Directions => Among the entries below, find each line holding "include" and return it.

Data excerpts
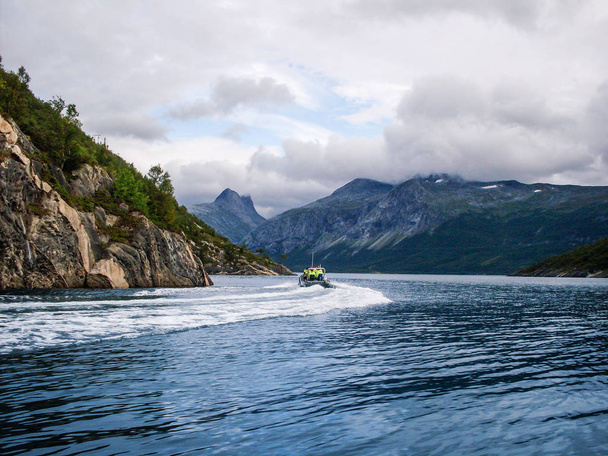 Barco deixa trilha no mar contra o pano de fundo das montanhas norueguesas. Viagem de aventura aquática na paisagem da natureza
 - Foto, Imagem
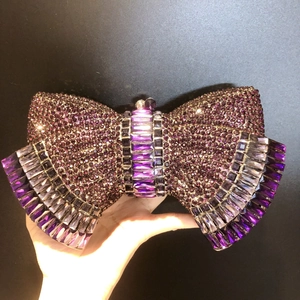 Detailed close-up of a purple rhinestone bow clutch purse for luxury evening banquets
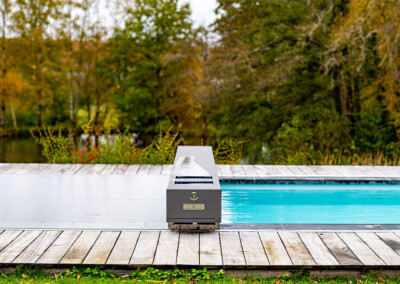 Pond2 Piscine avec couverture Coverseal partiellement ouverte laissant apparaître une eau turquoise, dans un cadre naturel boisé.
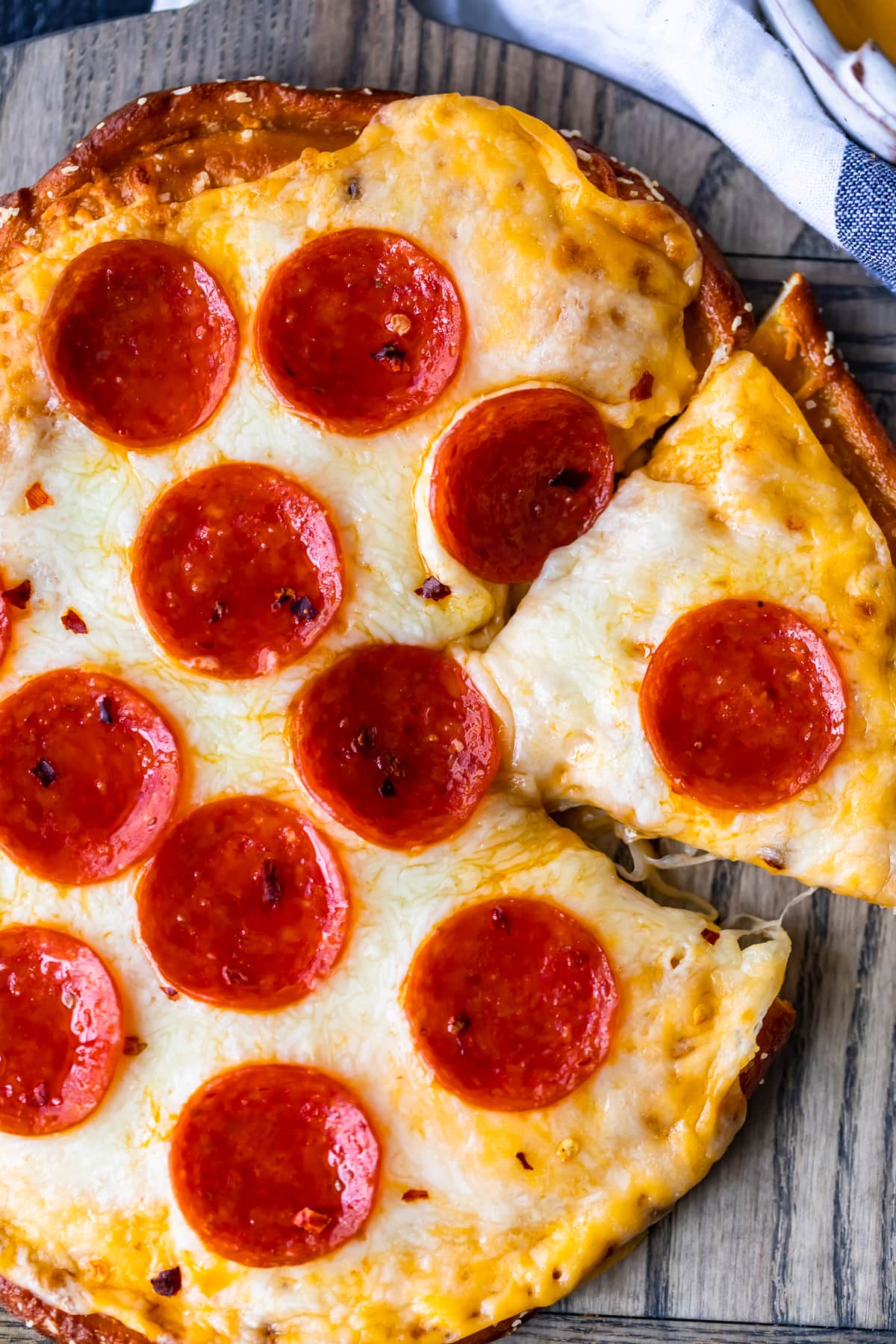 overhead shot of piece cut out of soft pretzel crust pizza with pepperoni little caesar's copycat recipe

...

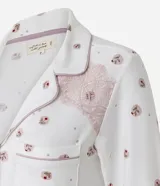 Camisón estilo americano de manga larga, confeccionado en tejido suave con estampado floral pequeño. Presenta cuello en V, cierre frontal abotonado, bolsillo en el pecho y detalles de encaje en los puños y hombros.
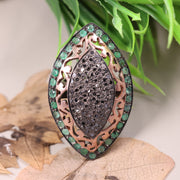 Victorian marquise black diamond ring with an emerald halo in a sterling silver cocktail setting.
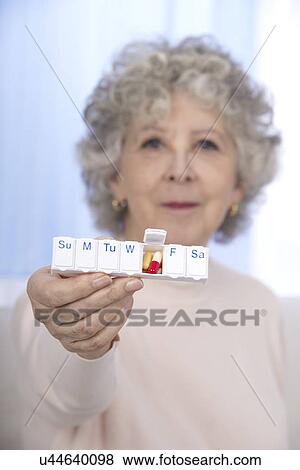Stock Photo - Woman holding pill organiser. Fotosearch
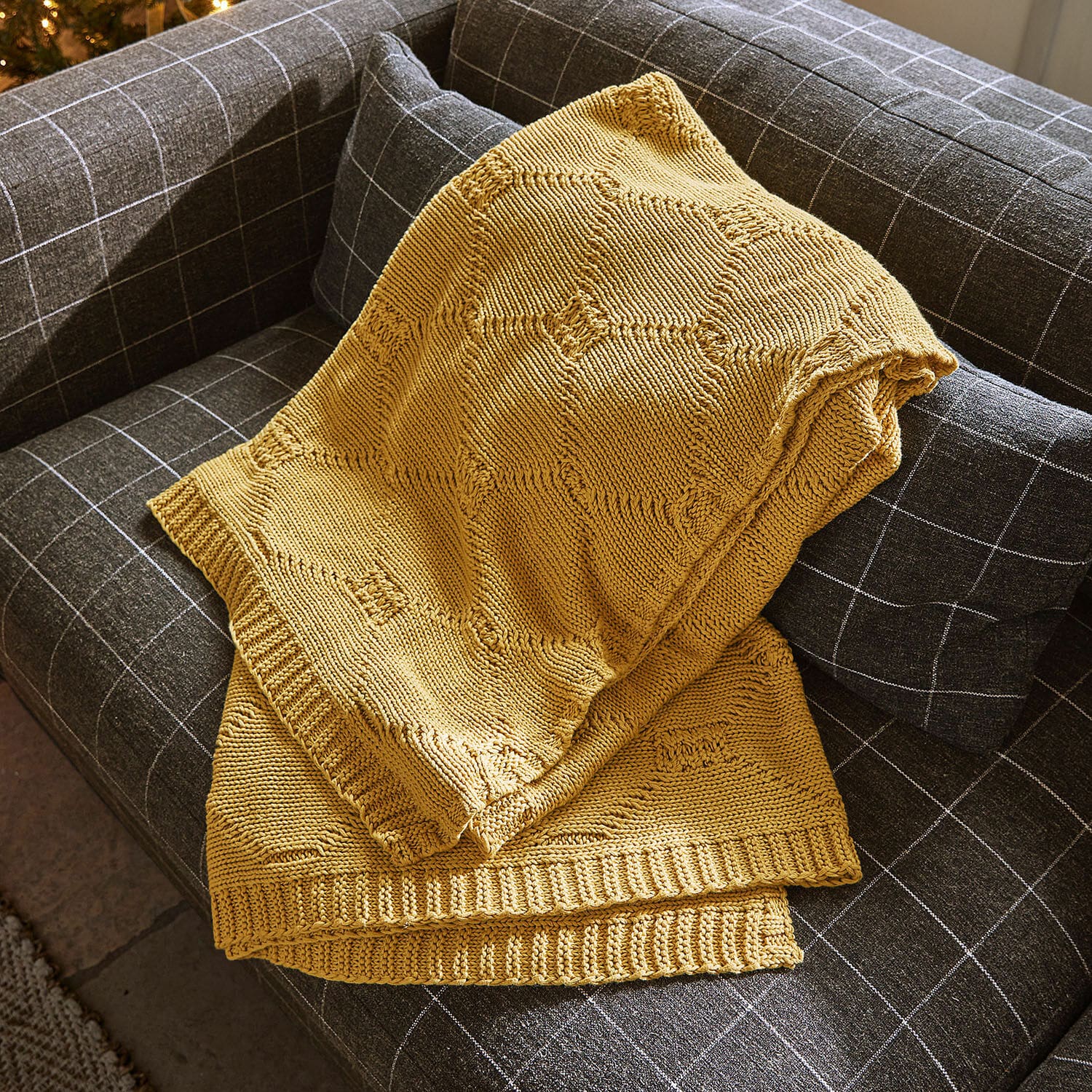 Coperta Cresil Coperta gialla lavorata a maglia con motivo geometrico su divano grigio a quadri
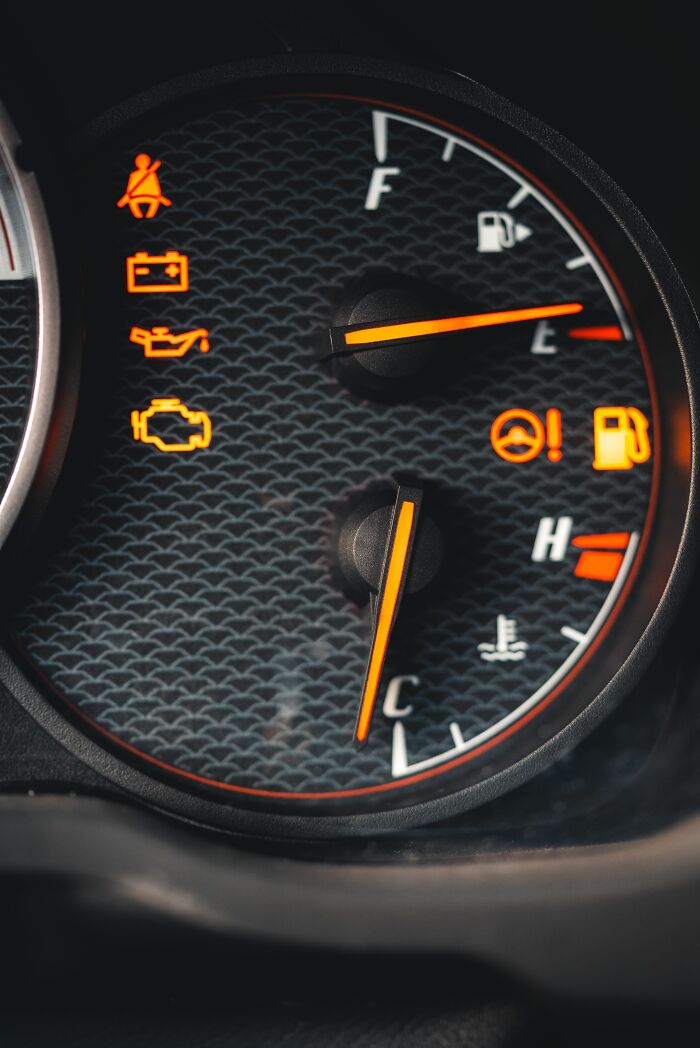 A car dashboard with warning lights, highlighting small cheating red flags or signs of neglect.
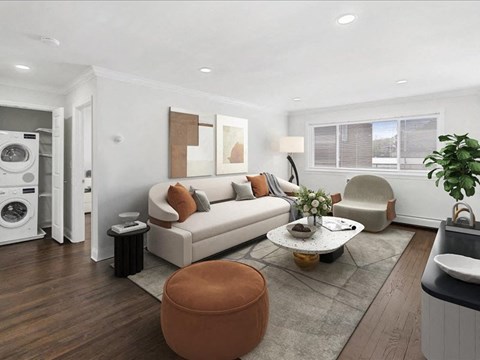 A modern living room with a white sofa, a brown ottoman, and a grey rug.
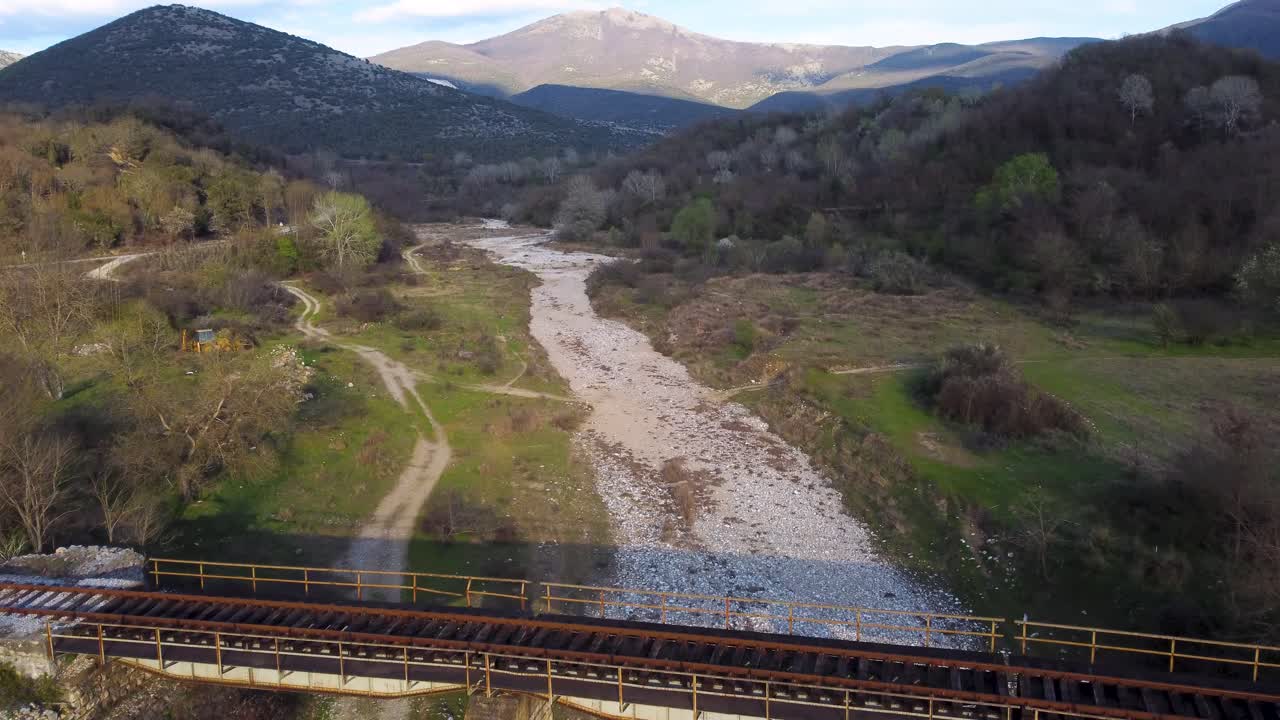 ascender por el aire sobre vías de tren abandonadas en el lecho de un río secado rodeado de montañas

* * *

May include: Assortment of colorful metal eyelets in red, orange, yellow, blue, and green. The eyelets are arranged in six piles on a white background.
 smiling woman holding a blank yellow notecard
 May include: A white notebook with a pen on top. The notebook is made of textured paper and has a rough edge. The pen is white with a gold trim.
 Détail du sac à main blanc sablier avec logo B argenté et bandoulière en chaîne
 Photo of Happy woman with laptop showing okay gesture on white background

Final answer =>
May include: Assortment of colorful metal eyelets in red, orange, yellow, blue, and green. The eyelets are arranged in six piles on a white background.
 May include: A white notebook with a pen on top. The notebook is made of textured paper and has a rough edge. The pen is white with a gold trim.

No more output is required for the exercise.